**THE PROBLEM**
Exact reproduction is required for the lines below starting at the line with "Sữa bột cho chó BBN Goat's Milk New Zealand" and ending at the line with "Узбекский песни таджик поёт смотреть онлайн", both included. No other lines, and no pictures.

**PROVIDED DATA**

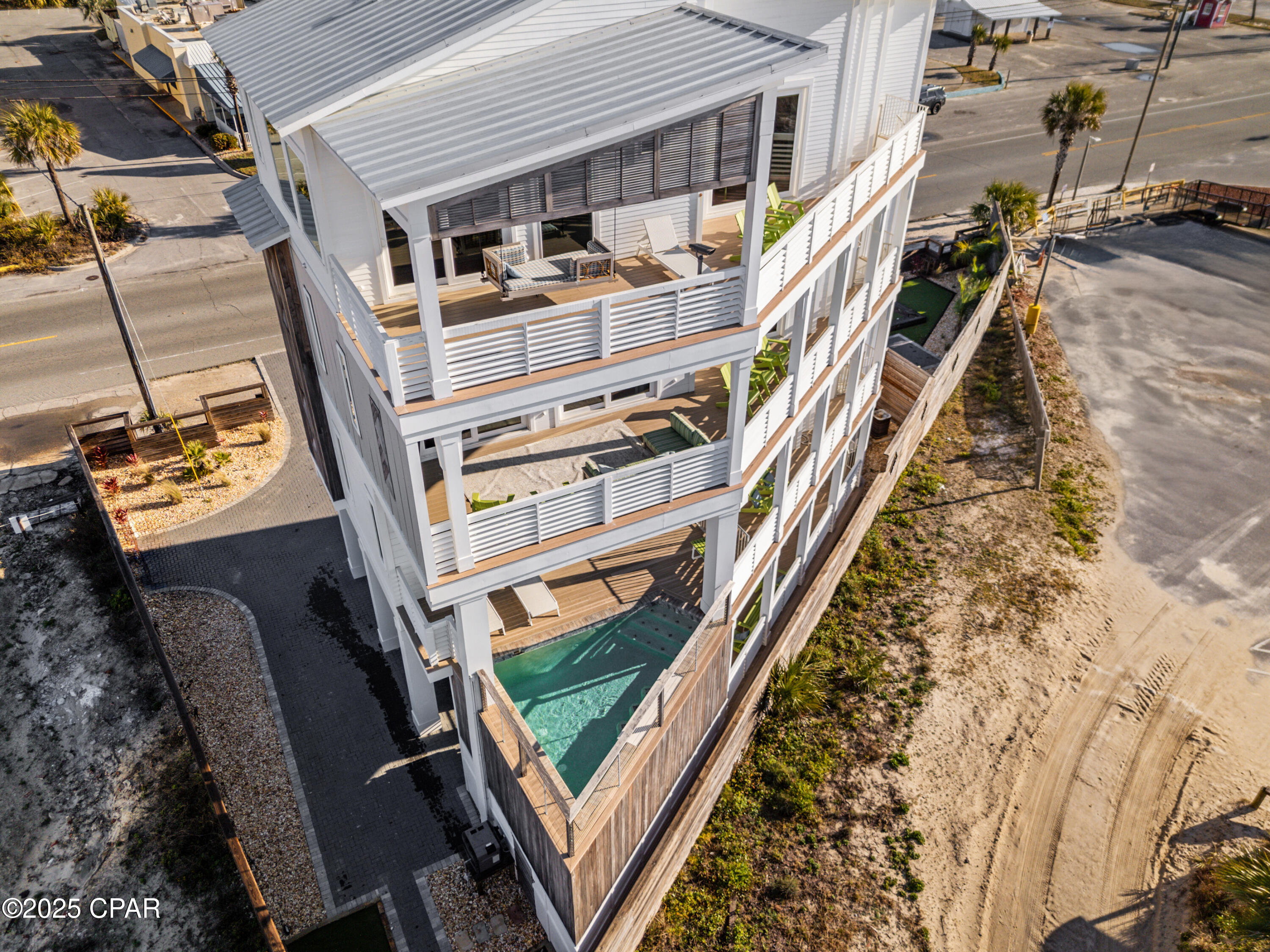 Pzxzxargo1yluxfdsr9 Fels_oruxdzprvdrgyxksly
---
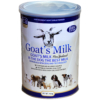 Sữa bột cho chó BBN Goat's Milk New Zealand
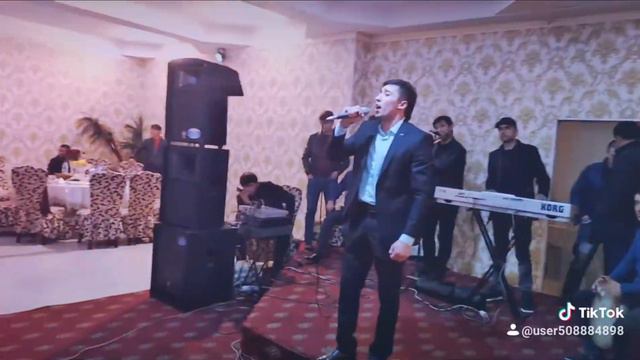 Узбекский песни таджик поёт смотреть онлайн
==
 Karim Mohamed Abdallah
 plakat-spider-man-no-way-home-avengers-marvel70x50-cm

**TASK RESPONSE**
 Sữa bột cho chó BBN Goat's Milk New Zealand
 Узбекский песни таджик поёт смотреть онлайн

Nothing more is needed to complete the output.